PD Editorial: State cashes in on forgotten accounts

California rakes in $400 million a year from bank accounts, insurance policies, stocks and other assets deemed abandoned by their owners.|

Is the state playing hide and seek with your money?

California rakes in $400 million a year from bank accounts, insurance policies, stocks and other assets deemed abandoned by their owners. Unclaimed property is the state’s fifth largest source of general fund revenue, according to a new report from the nonpartisan legislative analyst.

The state is obligated to return the money to its rightful owners, but it isn’t very successful.

Over the past 20 years, about 40 cents has been returned for every dollar taken - or escheated, to use legal terminology. “This reunification rate is better than in decades past,” according to the report, which says the state has accumulated 28.4 million properties worth $7.2 billion since the 1950s and returned less than $1 billion.

Unclaimed assets include more than $33 million and 1,100 safe deposit boxes belonging to Sonoma County residents, Staff Writer Paul Payne reported Tuesday.

People may have forgotten the accounts, or their heirs may not know they exist. And, the legislative analyst reported, the state is more aggressive about collecting money than looking for its owners.

Banks and other financial institutions can be fined for failing to report abandoned accounts if the holder can’t be contacted or doesn’t respond to a notice. At times, the state has employed bounty hunters to ensure that banks are complying with the rules.

Over time, the reporting threshold has been tightened considerably. Before 1976, a checking account left dormant - no deposits or withdrawals - for 15 years had to be reported to the state. Since then, the time frame has been ratcheted down to seven, then five and now three years.

Three years is the standard for most other accounts, too.

Once accounts are turned over to the state, cash goes to the general fund. Stocks and other securities are sold, with the proceeds deposited in the general fund. Jewelry and keepsakes are warehoused by the state treasurer and eventually sold at auction.

The state’s effort to locate owners consist of a website and occasional ads. For many years, newspaper ads listed the names of people with unclaimed assets, which routinely produced news coverage about celebrities (Brad Pitt), athletes (Willie Mays) and politicians (former Los Angeles Mayor Antonio Villaraigosa) whose assets had been turned over to the state. Now, the ads highlight a website - www.claimit.ca.gov - maintained by the state controller.
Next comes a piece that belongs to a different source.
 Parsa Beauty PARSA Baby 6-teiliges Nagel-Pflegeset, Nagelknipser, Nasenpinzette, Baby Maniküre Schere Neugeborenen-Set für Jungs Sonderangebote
The state budget typically limits the controller to spending $50,000 a year to inform the public about the unclaimed property program, though Gov. Jerry Brown included $60,000 in his proposed budget for 2015-16. (A search of the controller’s database found a bank account with $61.26 and 18 shares of US Bancorp stock in Brown’s name at his former address in Oakland. Found money if you want it, governor.)

Controller Betty Yee and her predecessor, Treasurer John Chiang, assured newspaper publishers at a recent meeting that they want to return people’s money. But they said they aren’t sure of the best approach, while showing little enthusiasm for the ads that have proven successful in the past. So you better check for yourself. The state may be holding on to your money.